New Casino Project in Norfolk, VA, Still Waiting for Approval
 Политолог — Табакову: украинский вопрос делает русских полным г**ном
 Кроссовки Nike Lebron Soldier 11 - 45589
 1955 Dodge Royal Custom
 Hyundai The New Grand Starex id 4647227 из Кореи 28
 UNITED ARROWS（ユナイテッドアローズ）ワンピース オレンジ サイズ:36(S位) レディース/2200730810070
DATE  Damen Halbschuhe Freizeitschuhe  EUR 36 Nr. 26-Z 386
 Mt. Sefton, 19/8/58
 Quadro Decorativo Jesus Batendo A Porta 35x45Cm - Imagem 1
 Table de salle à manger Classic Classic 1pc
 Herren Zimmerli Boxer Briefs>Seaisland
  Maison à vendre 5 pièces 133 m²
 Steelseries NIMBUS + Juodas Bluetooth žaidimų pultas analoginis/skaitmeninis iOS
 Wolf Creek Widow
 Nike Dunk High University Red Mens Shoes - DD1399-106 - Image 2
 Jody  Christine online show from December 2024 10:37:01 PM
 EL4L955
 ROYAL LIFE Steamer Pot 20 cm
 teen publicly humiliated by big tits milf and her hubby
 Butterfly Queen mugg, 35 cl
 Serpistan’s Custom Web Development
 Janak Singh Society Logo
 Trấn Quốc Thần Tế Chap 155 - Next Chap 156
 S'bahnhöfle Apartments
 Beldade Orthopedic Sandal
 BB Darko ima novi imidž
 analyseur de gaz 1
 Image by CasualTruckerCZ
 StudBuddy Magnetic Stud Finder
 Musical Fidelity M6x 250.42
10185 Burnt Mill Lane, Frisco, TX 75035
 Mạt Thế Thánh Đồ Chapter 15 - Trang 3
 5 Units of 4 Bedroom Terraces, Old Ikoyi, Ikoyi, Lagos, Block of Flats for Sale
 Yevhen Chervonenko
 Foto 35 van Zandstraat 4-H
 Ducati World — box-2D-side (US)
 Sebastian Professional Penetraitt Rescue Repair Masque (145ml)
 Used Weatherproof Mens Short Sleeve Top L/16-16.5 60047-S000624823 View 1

▬▬▬▬▬▬

§ WHAT THE TASK ASKS: Show each line in the listing above that has "Nike".

§ RESULT BELOW:
 Кроссовки Nike Lebron Soldier 11 - 45589
 Nike Dunk High University Red Mens Shoes - DD1399-106 - Image 2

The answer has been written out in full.